#### WHAT TO DO:
Your copy runs from the line containing "Noisy neighbor,loud voice" through the last line of the listing, both included. Restate those lines word for word and leave out pictures.

#### STORED DATA:
+---+

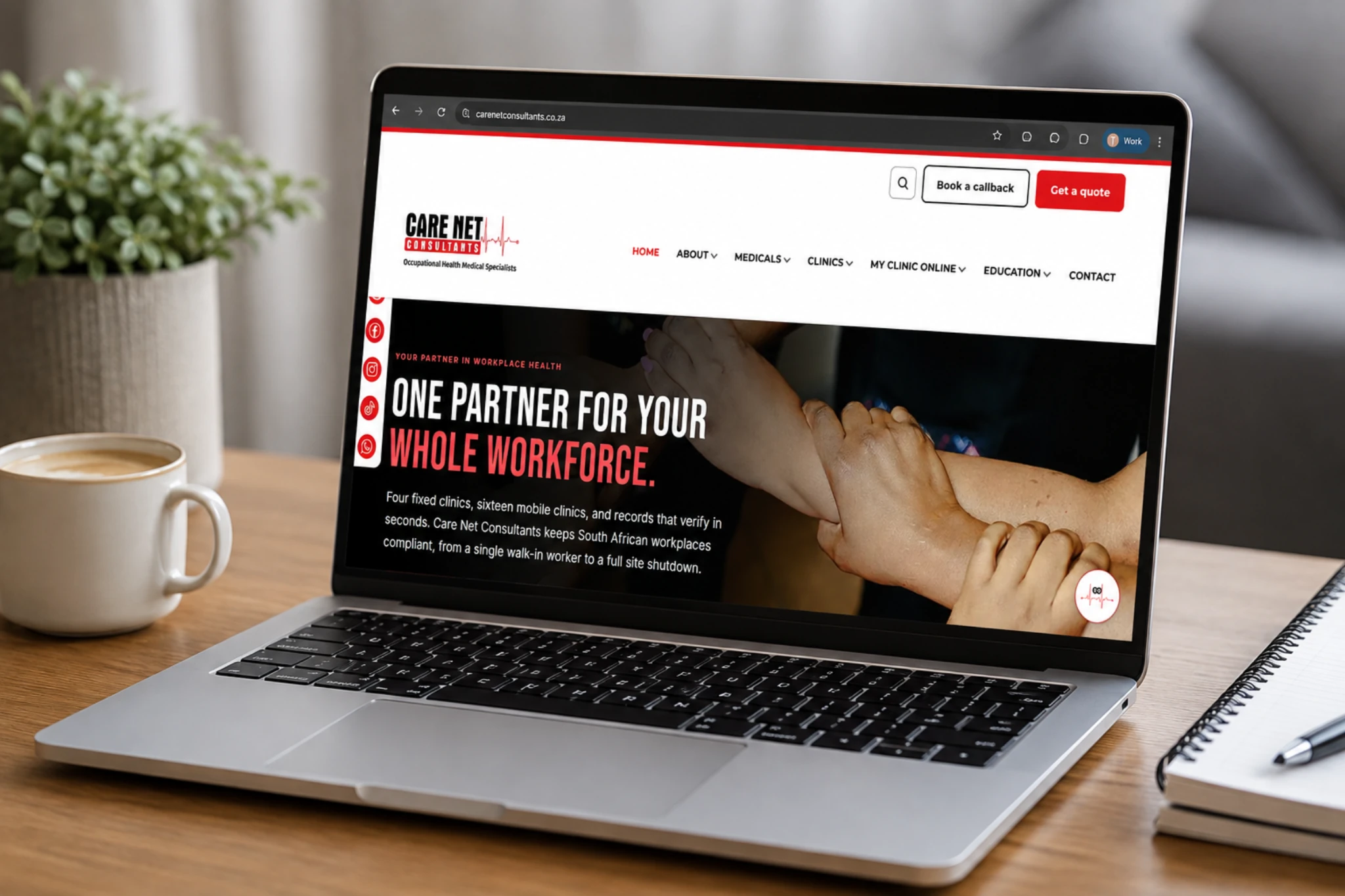 The new carenetconsultants.co.za home page shown on a laptop and a phone side by side.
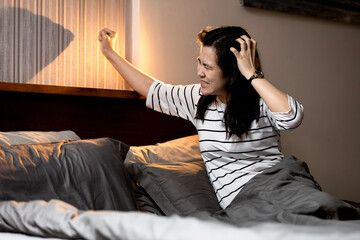Noisy neighbor,loud voice of party,singing loudly,annoying loud unpleasant noise,upset woman...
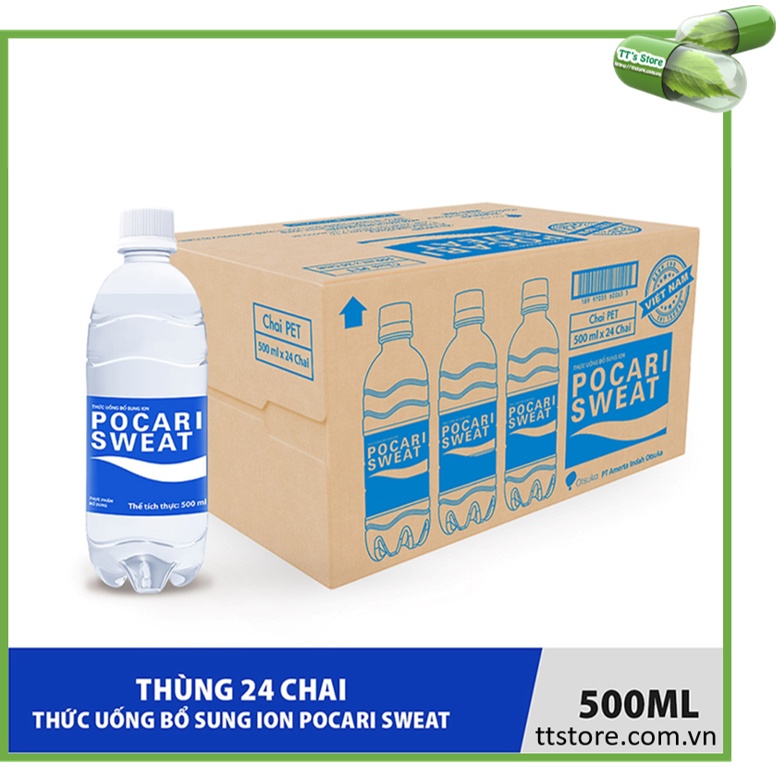 Nước uống bù khoáng Pocari Sweat (Thùng 24 chai 500ml) [điện giải, pocari sweet, bocari]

+---+

#### SOLUTION FOR THIS EXERCISE:
Noisy neighbor,loud voice of party,singing loudly,annoying loud unpleasant noise,upset woman...
 Nước uống bù khoáng Pocari Sweat (Thùng 24 chai 500ml) [điện giải, pocari sweet, bocari]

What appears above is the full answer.